For instance, its clothing range include but not limited to footwear, cosmetic products and related accessories, sports fittings for all both minors and adults as well as inner-wears for all type of users (Just-style.com., 2011).
To date, there are an estimated 20 production offices hosted by the company. In terms of its supplies especially for raw materials, H&M has a wide network of independent suppliers derived from Europe and Asia who provide the company with adequate goods need for continued production.
Moreover, the company has so far managed to expand its operations in over 37 countries with an estimated two thousand retail outlets spread across these locations (H & M., 2008).
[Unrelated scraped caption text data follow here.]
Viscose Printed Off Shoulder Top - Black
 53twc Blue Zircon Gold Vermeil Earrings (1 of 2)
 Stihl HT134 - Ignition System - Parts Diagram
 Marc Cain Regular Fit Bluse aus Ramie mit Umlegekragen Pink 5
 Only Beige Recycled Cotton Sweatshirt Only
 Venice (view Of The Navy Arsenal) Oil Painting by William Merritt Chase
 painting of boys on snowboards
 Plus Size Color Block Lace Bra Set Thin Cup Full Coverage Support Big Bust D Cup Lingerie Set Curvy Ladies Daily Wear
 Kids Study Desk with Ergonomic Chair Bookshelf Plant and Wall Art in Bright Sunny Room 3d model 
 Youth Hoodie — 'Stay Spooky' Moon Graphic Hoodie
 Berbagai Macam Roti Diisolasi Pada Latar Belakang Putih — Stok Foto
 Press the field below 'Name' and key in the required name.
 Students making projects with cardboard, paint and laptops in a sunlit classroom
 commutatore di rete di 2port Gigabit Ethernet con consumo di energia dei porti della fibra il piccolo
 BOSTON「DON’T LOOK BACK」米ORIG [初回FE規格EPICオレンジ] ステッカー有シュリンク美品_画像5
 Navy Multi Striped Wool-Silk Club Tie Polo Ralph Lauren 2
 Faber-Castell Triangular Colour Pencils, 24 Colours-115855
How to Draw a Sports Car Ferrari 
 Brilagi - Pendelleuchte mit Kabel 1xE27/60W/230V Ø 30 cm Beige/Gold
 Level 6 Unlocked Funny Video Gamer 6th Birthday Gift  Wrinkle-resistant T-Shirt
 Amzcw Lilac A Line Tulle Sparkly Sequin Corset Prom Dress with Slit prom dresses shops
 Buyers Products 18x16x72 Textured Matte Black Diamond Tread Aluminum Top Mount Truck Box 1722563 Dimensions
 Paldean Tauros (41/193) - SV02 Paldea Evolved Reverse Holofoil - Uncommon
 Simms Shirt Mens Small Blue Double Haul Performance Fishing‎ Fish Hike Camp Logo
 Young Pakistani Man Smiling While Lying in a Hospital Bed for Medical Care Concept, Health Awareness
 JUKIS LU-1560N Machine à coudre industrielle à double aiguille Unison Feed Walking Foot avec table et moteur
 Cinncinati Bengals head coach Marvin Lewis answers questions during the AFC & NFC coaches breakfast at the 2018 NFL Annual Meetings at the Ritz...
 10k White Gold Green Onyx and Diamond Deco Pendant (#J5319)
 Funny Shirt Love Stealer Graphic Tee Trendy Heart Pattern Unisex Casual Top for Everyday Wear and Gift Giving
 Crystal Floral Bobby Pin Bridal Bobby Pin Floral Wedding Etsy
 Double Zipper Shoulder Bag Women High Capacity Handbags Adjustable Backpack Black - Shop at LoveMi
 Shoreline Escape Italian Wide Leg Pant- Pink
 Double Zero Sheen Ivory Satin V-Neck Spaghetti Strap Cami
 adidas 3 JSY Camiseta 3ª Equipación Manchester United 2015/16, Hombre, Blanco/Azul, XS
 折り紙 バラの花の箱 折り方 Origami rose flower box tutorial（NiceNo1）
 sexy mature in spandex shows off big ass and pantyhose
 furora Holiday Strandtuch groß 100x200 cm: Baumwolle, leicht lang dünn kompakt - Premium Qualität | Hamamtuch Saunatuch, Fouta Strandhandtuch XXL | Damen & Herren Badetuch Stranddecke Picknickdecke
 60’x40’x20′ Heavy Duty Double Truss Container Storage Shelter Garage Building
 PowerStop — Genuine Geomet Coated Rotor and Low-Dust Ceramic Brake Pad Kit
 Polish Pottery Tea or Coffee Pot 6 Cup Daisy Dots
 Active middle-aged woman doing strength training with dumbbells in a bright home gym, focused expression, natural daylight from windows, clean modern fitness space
Nonetheless, Sweden, United Kingdom and Germany still serve as the principle markets for H&M.
In terms of marketing, H&M makes use of a mixed variety of marketing strategies in order to reach out for its wide clientele base. For instance, it is currently embracing online marketing through the internet as well as catalogues which are found both online and in the real physical stores.
As part of its geographic expansion program, internet marketing has been adopted beyond Sweden, the host country for the company. Customers in Austria, Germany, the Netherlands, Norway, Finland and Denmark can now obtain product details through online shops and catalogues.
As already mentioned, H&M was established towards the close of 1940s. The brain child behind the company was Erling Persson. During the threshold years, the company was dealing with women’s clothing, but it later diversified to incorporate clothing needs for the entire family.
The expansion into men’s wear in 1968 was occasioned by the acquisition of Stockholm hunting equipment store which had been mainly dealing with men’s fittings. Mauritz Widforss was a key player in male clothing and upon its acquisition by Persson, H&M broadened its production perspective.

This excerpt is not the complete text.